Directed Energy Weapons’ Long History
Directed energy weapons go back to at least the third century BC, when, during the Siege of Syracuse, Greek soldiers set fire to Roman warships from afar at the direction of Greek polymath Archimedes, who devised a heat ray concentrating the Sun’s rays using a polished mirror or convex copper lens.
A wall painting from the Uffizi Gallery, Stanzino delle Matematiche, in Florence, Italy, shows the Greek mathematician Archimedes' mirror burning Roman military ships. Painted in 1600 by Gieulio Parigi.
© Photo : Photo credit: Giulio Parigi
Considered until not too long ago to be the stuff of science fiction, lasers created for military applications began to be used in the 1970s and 1980s for things like range finding and missile guidance, with the Soviet Union and the United States acting as pioneers in the field. Taking a page out of the US’s Star Wars platform, Soviet scientists went as far as developing high-powered lasers for missile defense known as the Terra-3 program, and other innovations including an open-type CO2-based laser to paralyze missiles and aircraft and strike distant targets as small as a coin.

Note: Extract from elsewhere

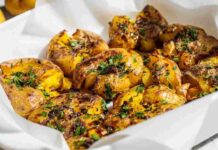 Patate, prezzemolo, sale e olio, il contorno perfetto in friggitrice ad aria Patate e prezzemolo, sale olio in friggitrice ad aria - RicettaSprint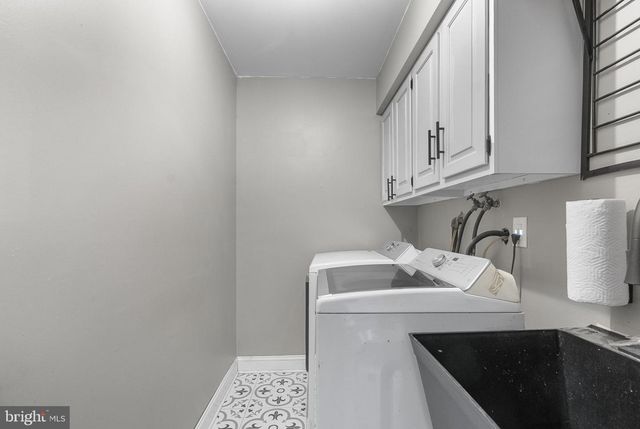 7 STONYBROOK CT, Medford, NJ 08055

The club of countries with directed energy weapons is small but growing, with Russia, the US, China, Israel, France, Germany, India, Pakistan, Iran and Turkiye creating or working on them. Russia’s best-known laser weapon is the Peresvet laser platform – which is capable of blinding optical reconnaissance satellites and targeting drones. Israel has developed the aforementioned Iron Beam – designed to shoot down low-cost enemy projectile. China has created its Norinco AW5 series of ground-based lasers. In the US, Kratos, Lockheed Martin, Northrop Grumman, Boeing and DARPA are leading the way in the creation of air, sea and ground-based laser weapons – with the AN/SEQ-3 ship-based laser being the best-known among them.